CTCs are extremely rare events in the peripheral blood stream, with actual numbers depending on the platform used to evaluate the numbers of CTCs. For example, using a label-dependent method that relied on immuno-magnetic beads conjugated to an antibody to EpCAM, (CellSearch®) between 2 CTCs/ml of blood for early stage breast cancer, to >5 CTCs/ml of blood, could be detected in patients with advanced stage breast cancer [58, 59]. These rare cells are surrounded by up to several hundred million lymphocytes and neutrophils per ml of blood. On the other hand, using a label-free method to enumerate cytogenetically abnormal cells (CACs) by 2-color FISH, patients with NSCLC of all stages had significantly higher numbers of CACs than did controls.
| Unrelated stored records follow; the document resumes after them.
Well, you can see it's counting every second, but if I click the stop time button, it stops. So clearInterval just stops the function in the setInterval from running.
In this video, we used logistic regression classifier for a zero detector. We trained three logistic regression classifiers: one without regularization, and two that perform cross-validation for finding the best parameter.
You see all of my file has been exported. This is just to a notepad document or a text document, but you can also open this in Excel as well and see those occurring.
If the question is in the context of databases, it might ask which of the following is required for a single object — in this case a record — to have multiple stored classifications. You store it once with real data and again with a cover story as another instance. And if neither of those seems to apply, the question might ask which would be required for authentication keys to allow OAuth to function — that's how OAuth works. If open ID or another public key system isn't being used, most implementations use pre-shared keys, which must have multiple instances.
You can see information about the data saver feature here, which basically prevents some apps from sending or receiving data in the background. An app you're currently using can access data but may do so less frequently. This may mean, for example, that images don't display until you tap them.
Depending on the DNA probe used, mean numbers of CACs ranged from 7.23 ± 1.32/μl for deletions of surfactant protein A gene at 10q22.3 to 45.52 ± 7.49/μl for deletions of EIF1B, eukaryotic translation initiation factor, a gene located on 3p22.1 [34]. The numbers of CACs detected for patients with NSCLC were far higher than the CTCs reported in NSCLC for the Cell Search Instrument [34] and could be accounted for by the definition of CACs as a single deletion of a genetic probe compared to the internal control DNA probe, as well as the label-free method of enumeration, in which all CACs irrespective of immunophenotype, and including cancer stem cells, malignant EMT cells and malignant epithelial cells, were counted.
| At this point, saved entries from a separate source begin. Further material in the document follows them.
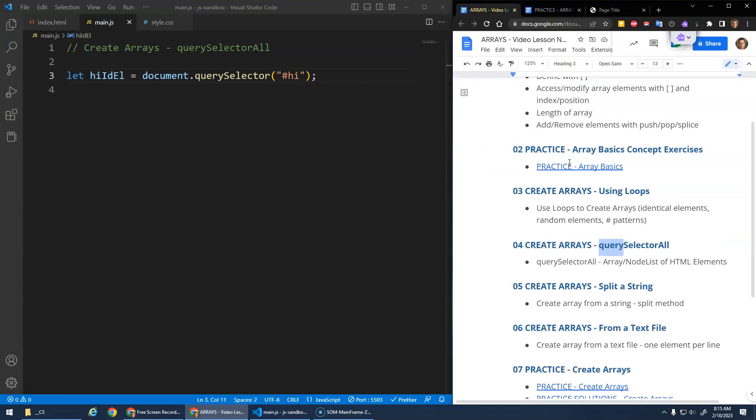But the point of this lesson was query selector all. And that allowed you to get that node list, right? That array slash node list of each general elements, which can come in handy. Hope that made sense. Take care and we'll see you next video.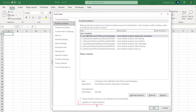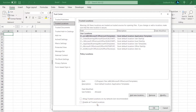The next setting is 'Disable all trusted locations.' If you do not want to enable all trusted locations, simply click on that checkbox. Note that this option may be disabled if you are working in a corporate environment.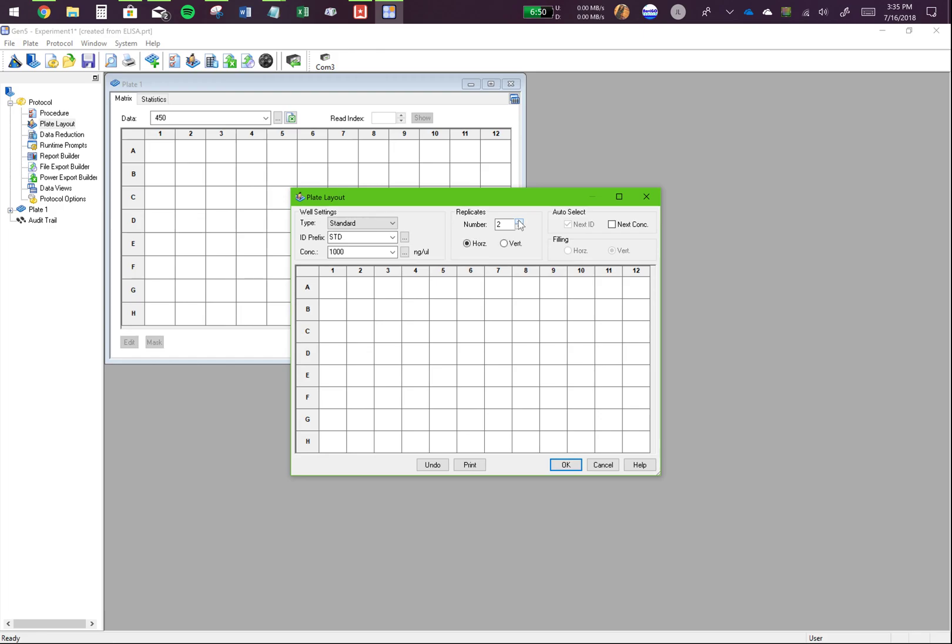You have your standard value here. You have the concentration. Let's make this in triplicate. Again, all this layout will depend on your actual plate. Right now, I'll just assume any random plate.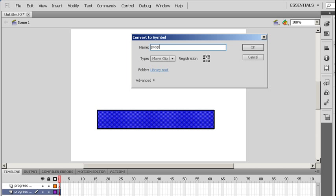I'm going to name it progress bar. I'm going to make sure I have a type movie clip. And I'm going to make sure my registration point is all the way at the far end. You'll see why that's important in just a minute. I'm going to say OK.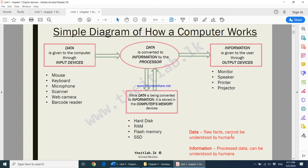For data to become meaningful, it has to be converted to information. Information is processed data that can be understood by humans. When you press the letter A on your keyboard, you're first inputting data; it goes to your computer, gets processed, and then the letter A appears on your screen — that letter A appearing on your screen is what we call information. Data is converted to information by something called the processor.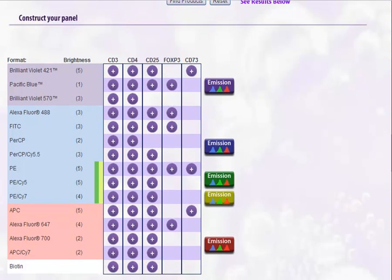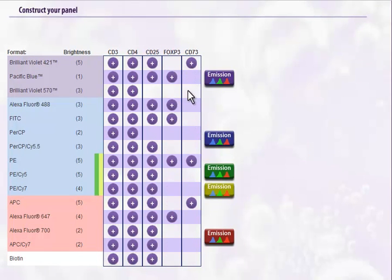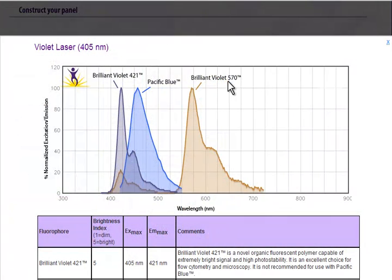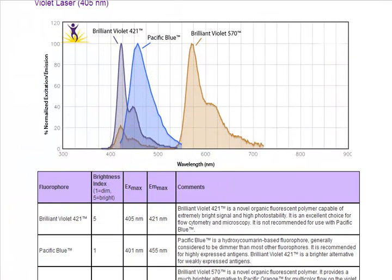The results return a matrix display of all your specificities and the formats available for each. We also provide the brightness index for each fluorophore to help optimize your panel. There is also fluorophore information grouped by lasers. Just click on the emission button to access this information.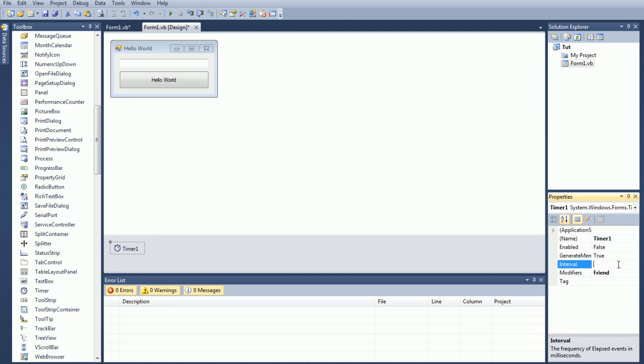So what we're actually going to do is we're actually going to set it to 5 seconds, which is going to be 5,000 milliseconds, and we're going to put enabled equal false, meaning as soon as you start the application, the timer is not going to start the actual 5 second countdown, I should say, as soon as you launch it.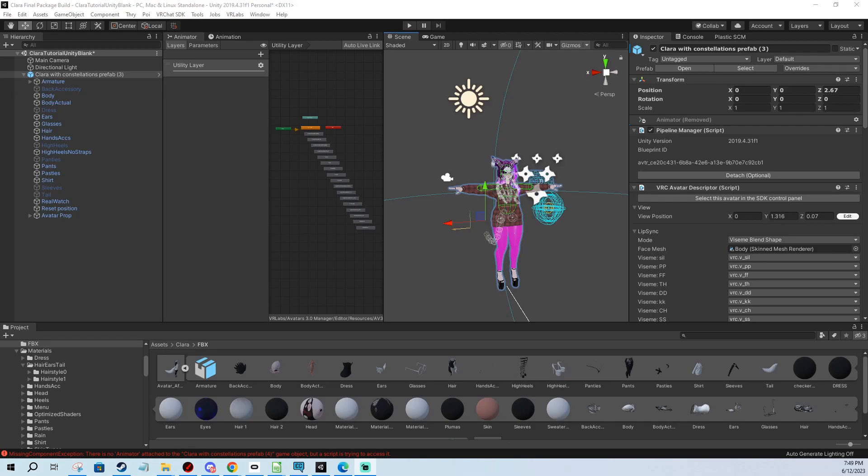Hi, in today's video I'm going to show you how to fix your Unity SDK going fully blank and you not being able to upload your avatar. I'm going to go over two main scenarios when this can happen.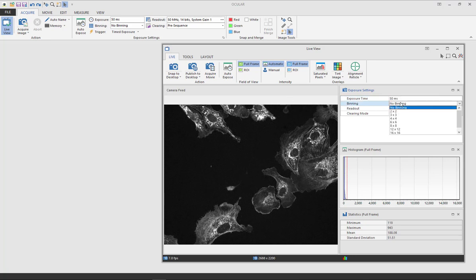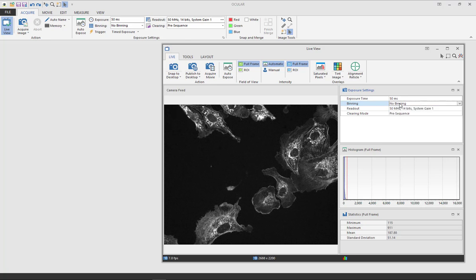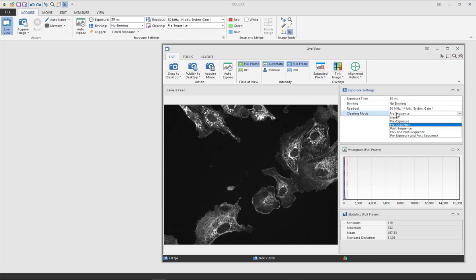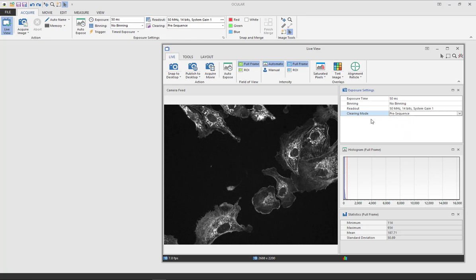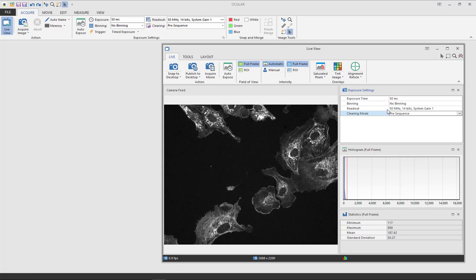Binning will allow you to increase your pixel size which then increases your camera sensitivity and speed. Ensure your clearing mode is set to pre-sequence and that the readout is 50 MHz. Anything lower than this will suggest that you're using a USB 2 port instead of USB 3.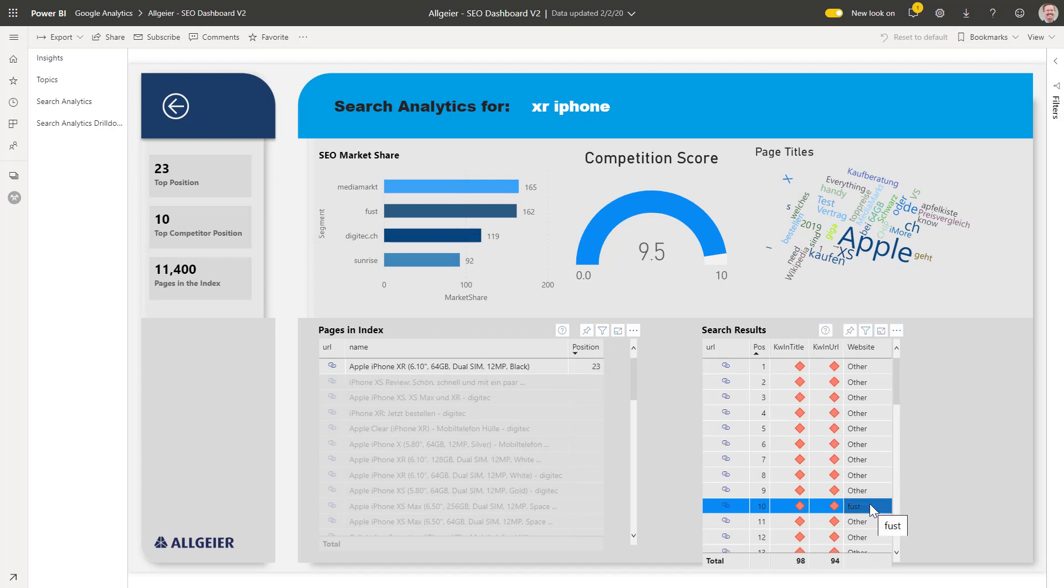Our strongest competitor, Fust, managed to land a page 1 position. That's the kind of exposure we'd like to have too.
In early stage LC, the vast majority of CACs are CK -/CD45- /EpCAM- and may express EMT or stem cell markers [25] hence the discrepancy between the FISH method and the Cell Search method [34]. In addition to single CTCs, clusters of cells may break off from the primary tumor and travel in clusters through the blood stream. CTC clusters may form “tumor micro-emboli “(TMI) consisting of up to 50 cells (Figure 7), that may demonstrate more aggressive properties than single CTCs, as they may be surrounded platelets, lymphocytes, neutrophils [60], similar to the cellular components that comprise the microenvironment seen in tumors, which may be protect TMI from destruction while circulating in the peripheral blood. TMI together with CTCs have also been detected in LB from patients with early breast cancer.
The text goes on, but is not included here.